MATERIAL PROVIDED Start Marker

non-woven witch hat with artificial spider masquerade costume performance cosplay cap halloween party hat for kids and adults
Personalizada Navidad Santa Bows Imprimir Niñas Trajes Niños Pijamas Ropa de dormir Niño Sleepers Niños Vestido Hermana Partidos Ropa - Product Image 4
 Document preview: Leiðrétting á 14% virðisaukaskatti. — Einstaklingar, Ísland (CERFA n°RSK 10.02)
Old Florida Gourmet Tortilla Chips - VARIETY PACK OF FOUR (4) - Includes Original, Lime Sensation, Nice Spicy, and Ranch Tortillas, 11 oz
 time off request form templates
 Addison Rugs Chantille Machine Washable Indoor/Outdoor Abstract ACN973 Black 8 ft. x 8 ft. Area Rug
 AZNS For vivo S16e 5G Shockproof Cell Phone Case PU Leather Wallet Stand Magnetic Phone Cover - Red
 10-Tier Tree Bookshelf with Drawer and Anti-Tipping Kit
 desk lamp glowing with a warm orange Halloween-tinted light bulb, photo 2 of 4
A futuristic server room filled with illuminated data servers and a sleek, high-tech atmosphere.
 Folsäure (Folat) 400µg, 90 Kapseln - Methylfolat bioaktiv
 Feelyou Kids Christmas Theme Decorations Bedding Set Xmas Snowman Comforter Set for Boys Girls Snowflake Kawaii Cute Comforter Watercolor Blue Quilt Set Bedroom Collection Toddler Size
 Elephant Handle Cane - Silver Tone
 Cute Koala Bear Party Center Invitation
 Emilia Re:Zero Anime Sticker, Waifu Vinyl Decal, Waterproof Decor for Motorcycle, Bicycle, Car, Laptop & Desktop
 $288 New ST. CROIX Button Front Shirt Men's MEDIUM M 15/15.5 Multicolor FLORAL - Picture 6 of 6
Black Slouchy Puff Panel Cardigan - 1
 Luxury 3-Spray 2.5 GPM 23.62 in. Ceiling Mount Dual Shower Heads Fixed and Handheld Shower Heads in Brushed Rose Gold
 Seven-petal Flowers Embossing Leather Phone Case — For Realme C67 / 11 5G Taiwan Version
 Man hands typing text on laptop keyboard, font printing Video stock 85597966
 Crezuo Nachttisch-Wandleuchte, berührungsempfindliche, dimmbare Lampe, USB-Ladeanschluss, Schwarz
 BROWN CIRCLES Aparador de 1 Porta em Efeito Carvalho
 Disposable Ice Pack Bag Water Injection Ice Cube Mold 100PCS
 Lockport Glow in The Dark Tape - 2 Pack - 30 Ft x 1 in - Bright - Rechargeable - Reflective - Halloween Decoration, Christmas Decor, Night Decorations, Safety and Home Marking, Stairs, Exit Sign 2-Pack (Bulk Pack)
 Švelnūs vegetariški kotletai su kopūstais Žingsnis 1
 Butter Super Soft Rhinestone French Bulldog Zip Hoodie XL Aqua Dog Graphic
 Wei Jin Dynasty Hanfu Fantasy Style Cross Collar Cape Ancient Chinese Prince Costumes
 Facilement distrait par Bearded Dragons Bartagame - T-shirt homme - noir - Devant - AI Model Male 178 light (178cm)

MATERIAL PROVIDED End Marker

### TASK GOAL
Where does the string "with" appear in the records above? Return every line that holds it.

### ANSWER TO THE PROBLEM
non-woven witch hat with artificial spider masquerade costume performance cosplay cap halloween party hat for kids and adults
 10-Tier Tree Bookshelf with Drawer and Anti-Tipping Kit
 desk lamp glowing with a warm orange Halloween-tinted light bulb, photo 2 of 4
A futuristic server room filled with illuminated data servers and a sleek, high-tech atmosphere.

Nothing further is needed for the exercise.